Ah, quando i giochini non erano esperienze audiovisive
con la progressione vincolata dall’interazione…
Millenovecentocinquantotto: dei nerd annoiati in un laboratorio nucleare chiappano un oscilloscopio e creano Tennis for Two. Nascono i videogiochi, i videogiochi quelli veri dove “game” sta per partita e non per gioco. Nessuna velleità di racconto, morale, crescita dei bamboccioni davanti allo schermo. No, giochi e se non ti diverti inculati. Va avanti così finché SEGA non tira fuori Mega Drive nel 1988 e ammazza per sempre i videogiochi quelli veri. O almeno così ci dice Gualtierone Cannarsi sulle pagine di Game Pro.
L’arcade è morto, viva l’arcade. Ce lo ripetiamo dal 2018 – giuro che la smetto con ‘sta cosa delle date, promesso – e un po’ è anche vero. Ormai l’arcade da solo non sta in piedi, non c’è abbastanza interesse e forse abbiam perso quell’attitudine lì. Forse è una delle poche cose legate ai videogiochi che è davvero invecchiata per sempre, senza possibilità di ritornare in auge ciclicamente perché ormai ha detto tutto. Ha sconfitto il loop, è andato definitivamente oltre. E quindi lo dobbiamo ibridare, l’arcade. Quando ci sentiamo particolarmente stronzi dobbiamo addirittura svuotare il significato della parola e riempirlo con un altro concetto, perché ci serve il Diavolo per quell’Acqua Santa che è la simulazione.
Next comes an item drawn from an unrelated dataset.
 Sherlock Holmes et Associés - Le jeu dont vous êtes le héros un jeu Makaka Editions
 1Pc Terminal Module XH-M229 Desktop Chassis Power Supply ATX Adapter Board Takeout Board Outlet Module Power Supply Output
Anche Gearshifters in realtà si piega a questa regola. Lo fa in modo sottile, quasi subdolo. Una serpe che ha abbandonato la vecchia pelle e chiede al suo padrone quale deve farsi crescere adesso. Gearshifters flirta a una certa distanza col concetto di roguelike, o meglio, con alcuni dei concetti che stanno dietro l’etichetta roguelike. Puoi scegliere quanto è definitiva la morte, se implica ricominciare la partita da zero, ripartire solo dall’ultima sezione o rigiocare il livello come se avessi messo dentro altre 200 lire. E puoi anche scegliere quanto il procedurale – il culo – possa impattare sulla partita. I nemici hanno tre tipi di drop, ma alcune abilità a ricarica ti permettono di forzarne uno per i 20 secondi successivi all’attivazione.
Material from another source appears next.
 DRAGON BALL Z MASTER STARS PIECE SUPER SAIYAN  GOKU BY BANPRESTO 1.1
Se proprio dovessi parlare per generi, ok, direi che è uno shoot ‘em up orizzontale. Al posto della navetta c’hai la macchina ma le logiche son quelle là. Non uno di quelli dove vai in giro con l’autofire consumando il tastino A del controller, perché ogni arma ha una certa soglia superata la quale il rateo di fuoco cala drasticamente finché non si raffredda abbastanza. Uno shoot ‘em up ragionato, poco bullet hell e a suo modo abbastanza tattico, viste le mosse che il veicolo col tempo somatizza e poi può proporre a schermo. Quel nemico lì ha la mitragliatrice solo dietro, quindi se mi metto davanti e sparo in retromarcia vado tranquillo. Questo mi conviene farlo fuori sparando in derapata.
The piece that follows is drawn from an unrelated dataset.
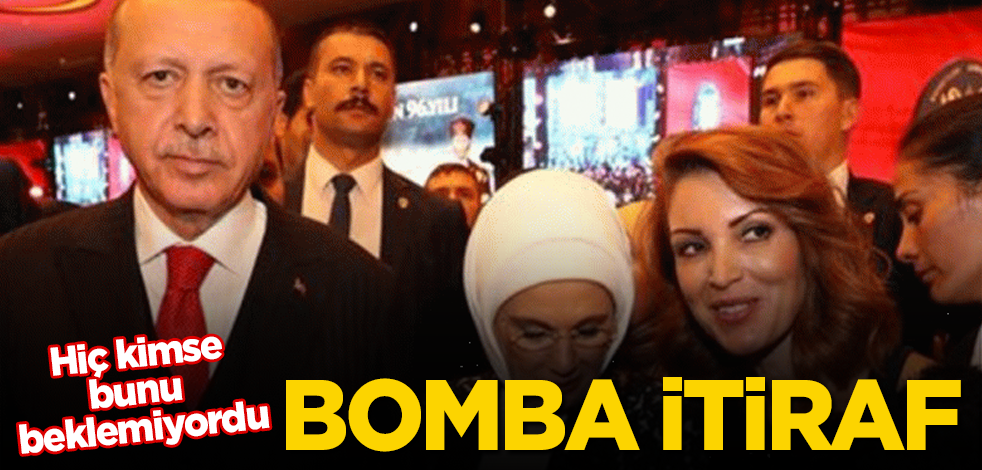 Nagehan Alçı'dan bomba "Erdoğan" itirafı! Hiç kimse bunu beklemiyordu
Detta così pare una roba da very giocatory. È anche colpa dell’intro accalappia-nostalgici-che-non-capiscono-il-sarcasmo qui sopra, che ti porta a pensare che Gearshifters sia uno di quei cari vecchi giochini di una volta che erano più difficili e di conseguenza più belli. Mai nessuno che si ricordi che la difficoltà era artificiosa e serviva perché su cartuccia le fetch quest costavano una madonna e già NEO GEO era una macchina da Piersilvio Berlusconi.
Il vero bug al solito è la nostalgia, quella di cui Gearshifters si fa beffe perché basta pigiare start per renderlo accessibile pure ai senza-mani. È un’idea semplice e geniale, quella di permetterti di regolare la percentuale di danno che si subisce dai veicoli nemici. Si può scalare in un senso o nell’altro, dallo 0 al 500% da fottuti kamikaze. Il risultato è che sì, Gearshifters è l’anello di congiunzione tra lo shoot ‘em up e chi di solito si tiene alla larga del genere perché è troppo hardcore. Il tutto prezzato 19.99€, che non sarebbe nemmeno malissimo se la benzina nel serbatoio non finisse scavallata la metà del gioco. Dopo un po’ quello che c’era da dire è stato detto, e anche le nuove tecniche che si sbloccano in realtà sono upgrade delle vecchie.